— Гм! — хрипло кашлянул Бубекин, и у него вдруг сладко заныли ноги. — Славная девушка, — сказал он Ржещевскому, дочитав письмо и поворачивая к ротному лукавое, с засветившимися глазами лицо. — Очень ласковая и добрая.
— Убьют вас и не увидите ее, — не отрывая глаз от книги, ответил Ржещевский. — И будет она ласковая и добрая для другого.
— Жаль будет! — ответил Бубекин. — Отличная девушка!
— И будет она отличная для другого.
— Нет, — твердо зная, возразил субалтерн. — Пардон-с! Для другого она уже такой не будет.
— Будет!
— Не-ет! Наше с нами и к другим не уйдет. Ах, как щедро она отдала себя! Буду жив, обязательно женюсь.
Но ноги ныли сладко и настойчиво. И Бубекин сказал, просительно улыбаясь:
— Вот что, капитуся, вы вот что, дорогой мой, вы отпустите меня завтра в местечко. Пожалуйста, прошу вас, отпустите! У меня зуб болит, я на пункт Пуришкевича схожу.

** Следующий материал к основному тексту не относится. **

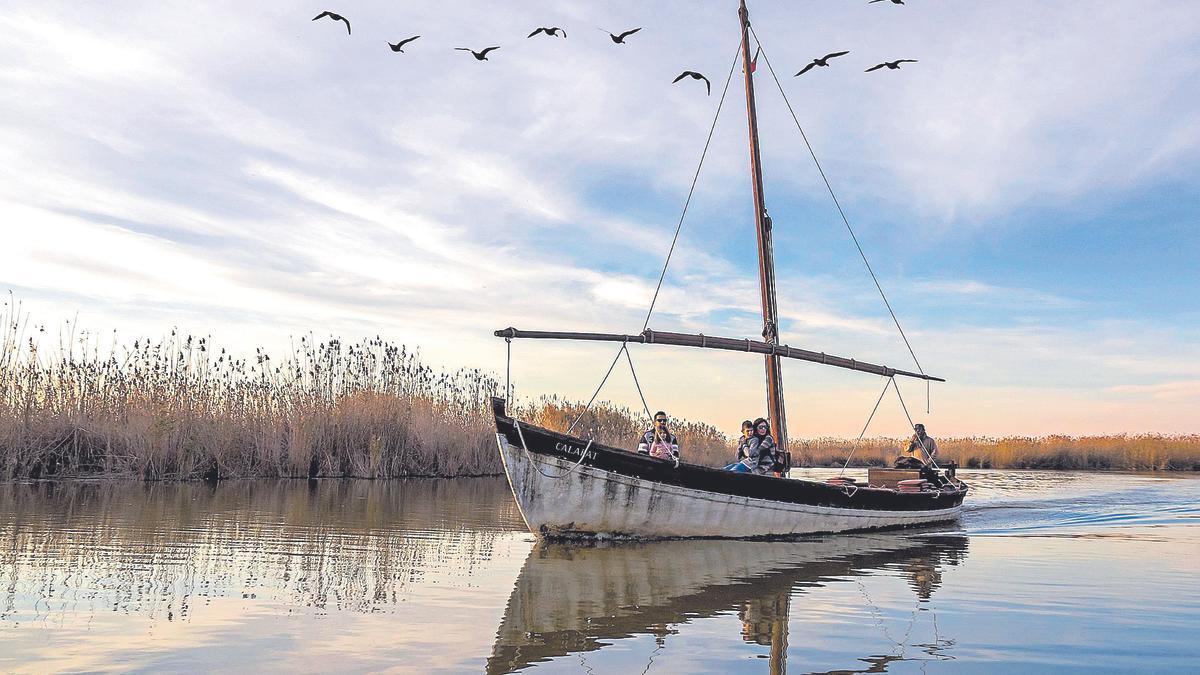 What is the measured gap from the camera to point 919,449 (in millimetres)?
18328

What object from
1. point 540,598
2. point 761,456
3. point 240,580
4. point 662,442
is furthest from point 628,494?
point 240,580

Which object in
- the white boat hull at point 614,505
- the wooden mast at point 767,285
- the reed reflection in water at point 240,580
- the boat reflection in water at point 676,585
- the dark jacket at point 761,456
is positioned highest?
the wooden mast at point 767,285

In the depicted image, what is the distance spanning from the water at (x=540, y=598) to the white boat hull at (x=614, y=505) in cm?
40

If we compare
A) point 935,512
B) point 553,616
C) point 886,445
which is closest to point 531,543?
point 553,616

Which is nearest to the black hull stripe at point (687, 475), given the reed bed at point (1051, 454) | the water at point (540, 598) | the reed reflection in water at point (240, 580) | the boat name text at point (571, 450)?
the boat name text at point (571, 450)

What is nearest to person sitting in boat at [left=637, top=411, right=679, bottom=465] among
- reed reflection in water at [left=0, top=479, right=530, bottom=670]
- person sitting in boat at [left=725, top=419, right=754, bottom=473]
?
person sitting in boat at [left=725, top=419, right=754, bottom=473]

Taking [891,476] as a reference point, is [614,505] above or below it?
below

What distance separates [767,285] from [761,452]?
12.6 ft

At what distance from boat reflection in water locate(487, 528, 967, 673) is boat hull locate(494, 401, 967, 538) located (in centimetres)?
29

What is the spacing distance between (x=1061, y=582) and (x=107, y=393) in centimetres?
1791

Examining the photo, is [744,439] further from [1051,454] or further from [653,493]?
[1051,454]

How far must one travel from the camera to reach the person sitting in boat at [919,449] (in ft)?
56.4

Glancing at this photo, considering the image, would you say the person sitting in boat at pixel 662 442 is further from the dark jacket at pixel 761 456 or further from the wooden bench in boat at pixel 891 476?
the wooden bench in boat at pixel 891 476

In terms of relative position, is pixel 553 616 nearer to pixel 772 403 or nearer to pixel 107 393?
pixel 772 403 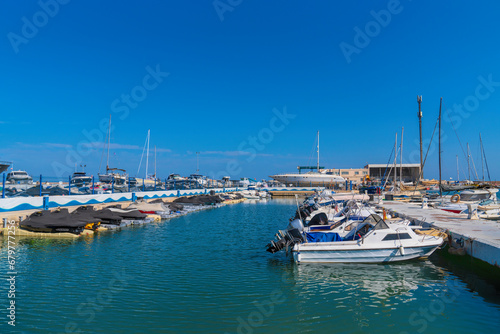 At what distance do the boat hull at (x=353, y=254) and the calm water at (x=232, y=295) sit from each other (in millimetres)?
Answer: 412

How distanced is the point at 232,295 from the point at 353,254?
723cm

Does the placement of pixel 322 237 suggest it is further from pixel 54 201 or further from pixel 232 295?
pixel 54 201

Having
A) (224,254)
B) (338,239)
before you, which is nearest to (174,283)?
(224,254)

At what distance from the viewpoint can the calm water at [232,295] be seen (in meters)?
10.5

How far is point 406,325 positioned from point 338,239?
25.2ft

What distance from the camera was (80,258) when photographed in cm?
1858

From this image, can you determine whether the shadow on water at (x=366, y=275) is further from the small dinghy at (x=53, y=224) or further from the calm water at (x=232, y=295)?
the small dinghy at (x=53, y=224)

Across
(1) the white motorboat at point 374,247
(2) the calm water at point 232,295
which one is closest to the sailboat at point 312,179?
(2) the calm water at point 232,295

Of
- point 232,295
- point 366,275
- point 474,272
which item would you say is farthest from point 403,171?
point 232,295

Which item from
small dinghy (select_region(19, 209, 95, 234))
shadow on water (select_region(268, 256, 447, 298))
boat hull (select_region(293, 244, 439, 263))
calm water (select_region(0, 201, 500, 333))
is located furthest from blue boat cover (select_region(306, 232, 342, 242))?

— Знаем мы ваш зуб! — без улыбки сказал Ржещевский, но согласие дал.
VII
Только вышел за околицу деревушки, в которой стояли штаб полка и часть полкового обоза, как сейчас же и забыл о войне. Забрал глубоко в себя легкий весенний воздух и громко сказал:
— Очень хорошо!
И зашагал, сбоку посматривая на свои мягкие высокие — выходные — сапоги, ладно сидевшие на стройных ногах; шагал, любуясь ими и радуясь погожему солнечному дню. к утопавшему в зелени местечку, к белевшей над ним белой башне костела.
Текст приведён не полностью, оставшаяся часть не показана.